I threw the list away. I allowed myself one to-do. And said that when that was complete, I would add one more to-do. One to-do at a time.
It meant that I had to distinguish between what I needed to do and what I wanted to do. There were a lot things that I had to delegate to others or disregard.
No one was hurt. I felt remarkable better. It was a lifestyle change and it gave me life. Now I know that thoughts alone can be painful.
Have you had the experience that your thoughts alone can cause pain?
How have you dealt with it?
Anyone who has been in chronic pain knows how it feels. But it is hard to comprehend the extent to which it “invades” our mind and body. If there was a machine that could see through our bodies and visually capture the presence of the pain, how would that look?
Would it see how it changes our personality. How it makes us less tolerant of anything that requires effort because it is just another thing we have to do with less ability to do it.
Would it see how it changes our lifestyle because we have to pay a pain price for everything that we chose to do and how we have to negotiate with our pain.

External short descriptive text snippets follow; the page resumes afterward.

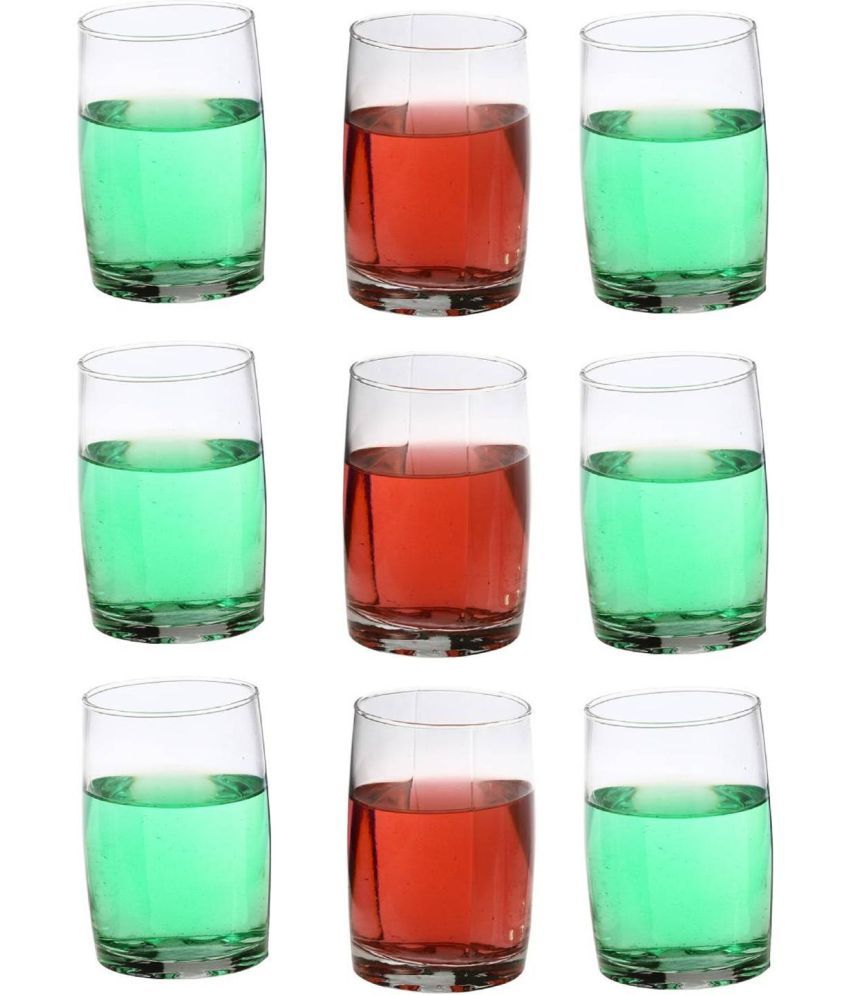     			AFAST Designer Glass Glass Glasses 270 ml ( Pack of 9 )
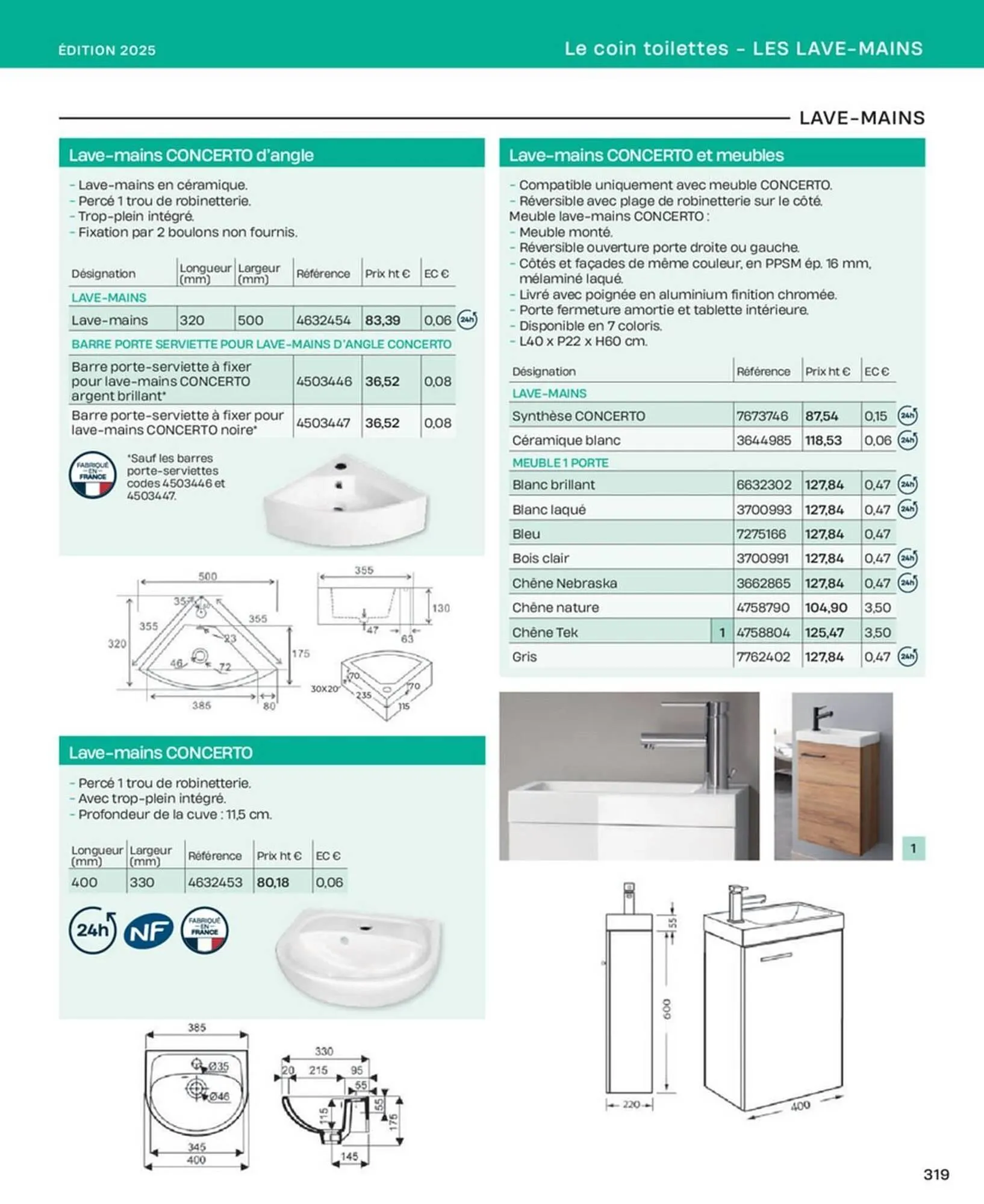 Catalogue Cedeo du 10 octobre au 31 décembre 2025 - Catalogue page 319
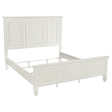 Tampa Furniture Outlet - Coaster - Sandy Beach 63-inch California King Panel Bed Cream White - 201301KWN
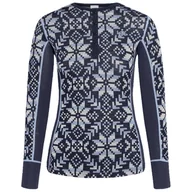 Koszulki sportowe damskie - Damska koszulka Kari Traa Else Long Sleeve Baselayer Rozmiar: M / Kolor: ciemnoniebieski - miniaturka - grafika 1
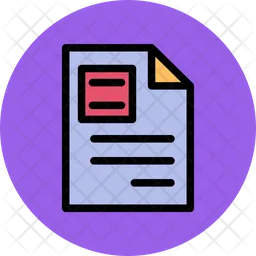 Content File  Icon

Would it see how it changes our self image because it has modified our bodies and its movements.
I feel that it is important to separate the Pain from the Person. To be able to blame our pain for these losses. And to know and to let others know that if it were not for the pain, we would choose to do things differently.
It is when we assume the pain and become our pain that we lose ourselves. I think that we need to remind ourselves and others that it is not our choice to have the pain. But it is our choice how we choose to deal with the pain.
I have read of primitive African cultures that give their pain a name. That seems wise and would remind you that your pain has its own identity. Have you tried to identify your pain? give it a name, shape or form? I would love to hear what you have done.
There is Chronic Pain and there is Addiction, and I feel there can be addiction to Chronic Pain.
After my hip replacement surgery which was over 18 years ago, I felt so blessed to be pain free in my leg and hip for the first time in my life. BUT…. I also felt very lost. Pain had been a part of me since childhood and defined what I could and could not do. Now that I could walk relatively pain free, I felt this emotional tugging. Would I really continue to be pain free?
I know that I envisioned my pain as a “person” dwelling inside my own skin. And I found myself continuing to want to cosult this person for permission to move about. I asked the surgeon, on my follow up visit, if there were any support groups for folks that had been in long term chronic pain and were now pain free. I know he did not know where I was coming from. I thought I had phrased the question pretty accurately.
To cope with extreme long term pain I had mentally severed my legs. My relationship with my body was not healthy. And there were mental blocks that it has taken years to address for me to now be in a healthier place with my feelings and physical body.
It is my feeling that it is the “debris” that pain has left behind that needs some focus. And to truly be appreciative of a pain-free state, there is a lot of inner healing that needs to occur. If you have been there and are fortunate enough to be pain free have you had any similar experiences trying to recover?